It is finally arrived, the day that you have dreaded all year, and the thoughts of which have taken the edge off every waking moment for the last few weeks. Yes, your car insurance is now due, and the figure is horrific, as expected!

30 years ago of course very few people have this problem. With only 2 million cars on the roads we all still manage to get from A to B, the unlucky ones crowding onto smelly buses or packed trains, the luckier ones sat astride their Triumph Tiger Cubs or BSA Bantams. The only people who drove a car with the local bookie, the doctor and the shadowy family who sold black-market goods during the war. Most of us couldn't afford a gallon of petrol, let alone a car, and as for the maintenance bills – forget it.

Fast forward to the 21st century and if we cannot afford to buy a 3-D television, mobile phones/computers for all our kids and a designer handbag or two for the wife we consider ourselves to be poor. The car is now an essential status symbol rather than a useful means of transport, so we have no option but to pay the blasted insurance bill.

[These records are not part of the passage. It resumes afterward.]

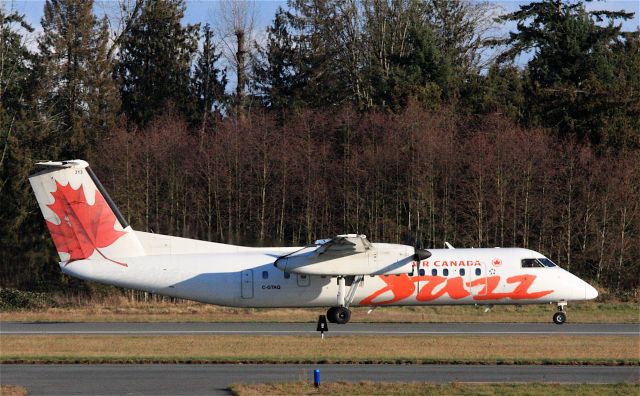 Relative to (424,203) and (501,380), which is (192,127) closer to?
(424,203)

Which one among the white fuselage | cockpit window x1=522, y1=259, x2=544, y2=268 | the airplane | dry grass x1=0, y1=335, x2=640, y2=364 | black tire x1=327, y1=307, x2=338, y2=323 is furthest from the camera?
cockpit window x1=522, y1=259, x2=544, y2=268

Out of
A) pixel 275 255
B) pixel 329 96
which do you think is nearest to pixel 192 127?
pixel 329 96

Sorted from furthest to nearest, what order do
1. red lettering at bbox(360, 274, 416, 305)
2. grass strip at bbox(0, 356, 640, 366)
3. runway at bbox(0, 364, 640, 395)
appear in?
red lettering at bbox(360, 274, 416, 305) < grass strip at bbox(0, 356, 640, 366) < runway at bbox(0, 364, 640, 395)

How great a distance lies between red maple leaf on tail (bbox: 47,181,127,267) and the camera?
88.8 ft

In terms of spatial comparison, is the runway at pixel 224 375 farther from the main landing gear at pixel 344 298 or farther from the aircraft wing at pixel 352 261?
the main landing gear at pixel 344 298

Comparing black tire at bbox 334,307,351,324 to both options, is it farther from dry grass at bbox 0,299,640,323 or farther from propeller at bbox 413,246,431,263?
dry grass at bbox 0,299,640,323

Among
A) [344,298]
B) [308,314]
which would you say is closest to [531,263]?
[344,298]

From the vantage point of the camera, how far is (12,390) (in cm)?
1745

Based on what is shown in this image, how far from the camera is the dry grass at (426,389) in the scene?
55.7 feet

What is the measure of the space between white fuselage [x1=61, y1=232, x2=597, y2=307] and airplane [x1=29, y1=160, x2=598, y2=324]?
0.03 meters

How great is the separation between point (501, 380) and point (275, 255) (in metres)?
10.9

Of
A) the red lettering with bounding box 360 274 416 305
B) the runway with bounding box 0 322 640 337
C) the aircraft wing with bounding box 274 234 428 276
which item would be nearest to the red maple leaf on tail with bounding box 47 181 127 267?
the runway with bounding box 0 322 640 337

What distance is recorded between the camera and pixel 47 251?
155 ft

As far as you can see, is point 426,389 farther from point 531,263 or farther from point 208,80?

How to do this though, when the bank account is bare, the wife absolutely has to have a new dress to match the new shoes you bought her last week, and the kids cannot possibly be seen dead in last year's trainers! The answer is, you do what hundreds of thousands of people are now doing; you pay monthly.

Yes indeed, the insurance companies who once upon a time refused point-blank to even consider allowing monthly payments, have finally recognised that if they do not do so their competitors will, and so they will lose business. For this reason, and this reason alone, monthly payment car insurance policies are available; but at a price. The problems are twofold; firstly these insurers have traditionally made all their money by investing the money given to them by other people in advance of something that may, but probably will not, happen. They like to have your money in their bank account, and they much prefer that to seeing it dribble in in drips and drabs. In addition to this, some people in the past have been rather naughty. They have started a no deposit car insurance scheme, paid the first instalment and then not paid any more. In the meanwhile they have had their hands on the insurance certificate that they needed in order to tax the car, after which they have quite happily continued to drive uninsured.

Those days however are well and truly over. Big Brother truly is watching us; dotted all around the country are sneaky little cameras which record our car registration numbers; a quick piece of computer magic and the police car occupants who are lurking further down the road are informed that a car is coming along with your registration number on it and no insurance! So, by your monthly insurance policy by all means; but if you do not wish to pay a few hundred pounds in fines, see your licence taken from you, and have your car taken away and possibly crushed do not even think about going down that particular route.

There was a lot to be said for the 1970s after all.